───── Records shown

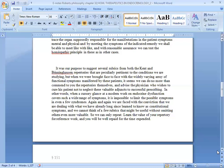Again and again we are faced with the conviction that we are dealing with what we have already long since learned to know as constitutional symptoms, and we cannot think of a few rubrics that might be useful without omitting others even more valuable. So we can only repeat, learn the value of your repertory for reference work and you will be well repaid for the time expended.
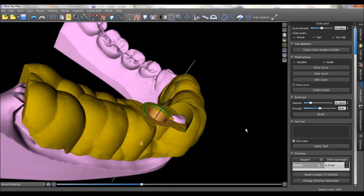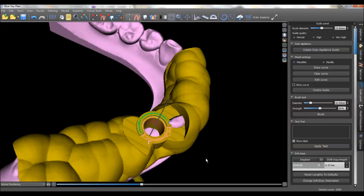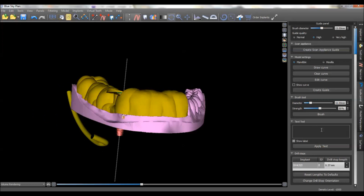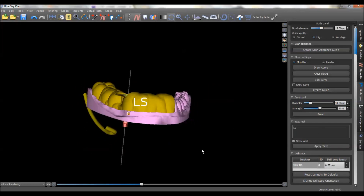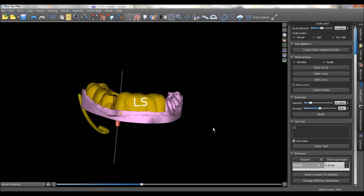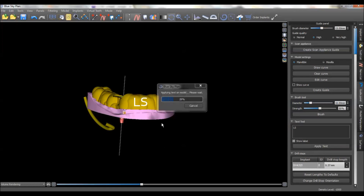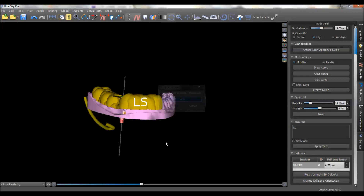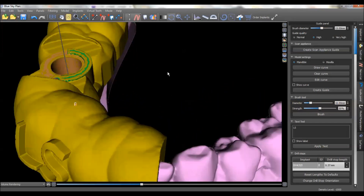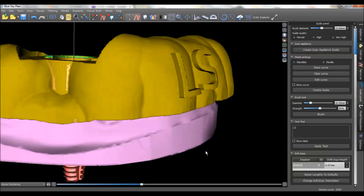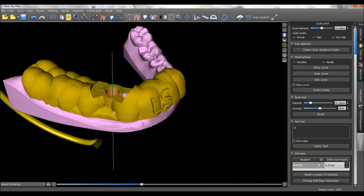And here's what we come up with when we have our guide designed. Very simple — if you wanted to, you could come in here and put in the patient's initials. You can position the text as big or as small as you want, and then once you hit 'Apply Text,' it's going to emboss this into the guide. So if you've got a lot of cases going and you're having trouble keeping track of all the guides, you can at least have the patient's name in there.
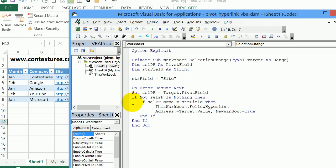check the name of the field. And if it's the same as the string we put up here, so if it is the site field, then follow that hyperlink using the address in the cell that we clicked.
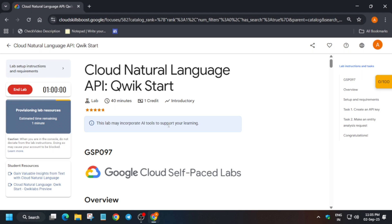Hello guys, welcome back to the channel. In this video we'll cover this amazing lab. So first of all, you have to click on start lab and open the console in an incognito window. Now if you are completely new to this channel, do like the video and subscribe to the channel.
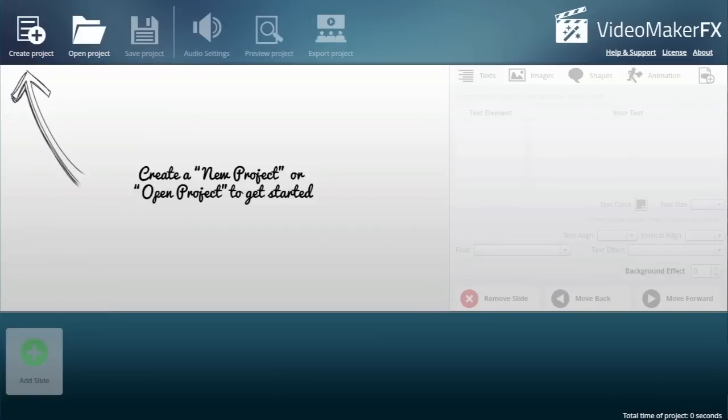Hello, Marcus Lim here. In this video, I'm going to take you through the process of creating a very high quality video using VideoMakerFX. Now, a bit of background.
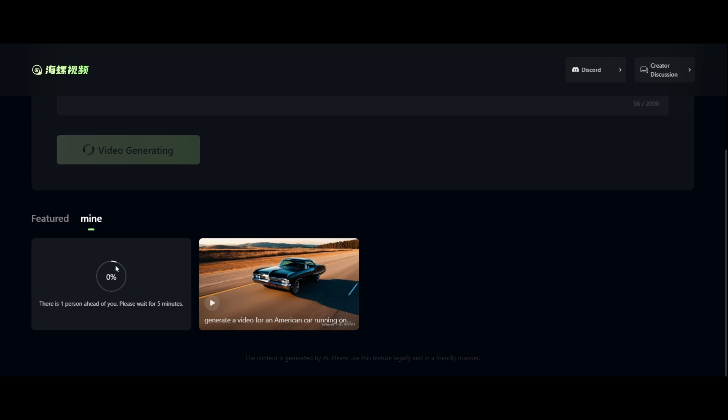You will see below that the video generation has started, and now you can wait for the final result. Based on your prompt, it can take from 5 to 10 minutes to give you a high-quality video clip.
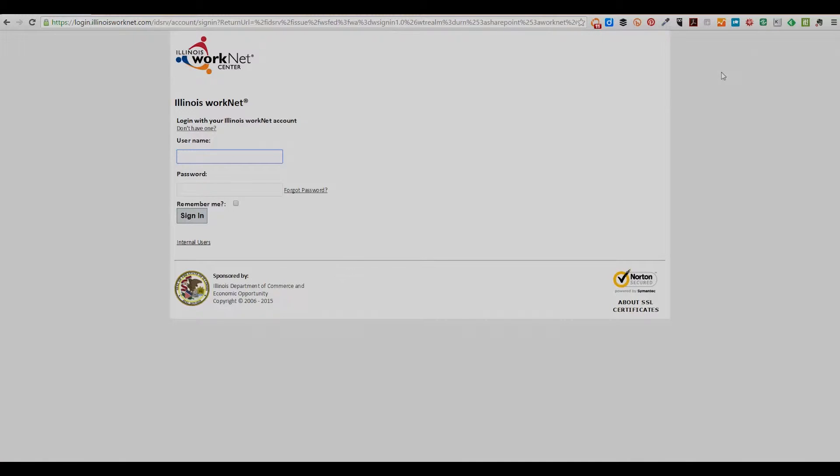You will be taken to the log in screen. Enter your name and password, then check the log in.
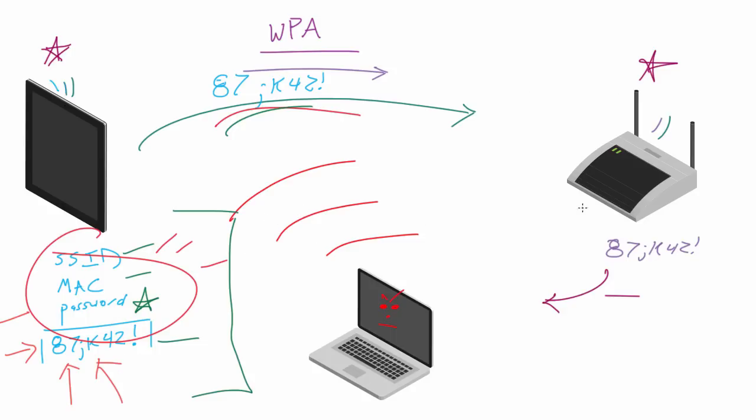And once you have the password, like I said, not only can you log in and access the network, but you can also figure out how to make everyone's key and start decrypting all of their information.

──────────

Transcribe every record above exactly as written, leaving out any pictures.

Again and again we are faced with the conviction that we are dealing with what we have already long since learned to know as constitutional symptoms, and we cannot think of a few rubrics that might be useful without omitting others even more valuable. So we can only repeat, learn the value of your repertory for reference work and you will be well repaid for the time expended.
And here's what we come up with when we have our guide designed. Very simple — if you wanted to, you could come in here and put in the patient's initials. You can position the text as big or as small as you want, and then once you hit 'Apply Text,' it's going to emboss this into the guide. So if you've got a lot of cases going and you're having trouble keeping track of all the guides, you can at least have the patient's name in there.
check the name of the field. And if it's the same as the string we put up here, so if it is the site field, then follow that hyperlink using the address in the cell that we clicked.
Hello guys, welcome back to the channel. In this video we'll cover this amazing lab. So first of all, you have to click on start lab and open the console in an incognito window. Now if you are completely new to this channel, do like the video and subscribe to the channel.
Hello, Marcus Lim here. In this video, I'm going to take you through the process of creating a very high quality video using VideoMakerFX. Now, a bit of background.
You will see below that the video generation has started, and now you can wait for the final result. Based on your prompt, it can take from 5 to 10 minutes to give you a high-quality video clip.
You will be taken to the log in screen. Enter your name and password, then check the log in.
And once you have the password, like I said, not only can you log in and access the network, but you can also figure out how to make everyone's key and start decrypting all of their information.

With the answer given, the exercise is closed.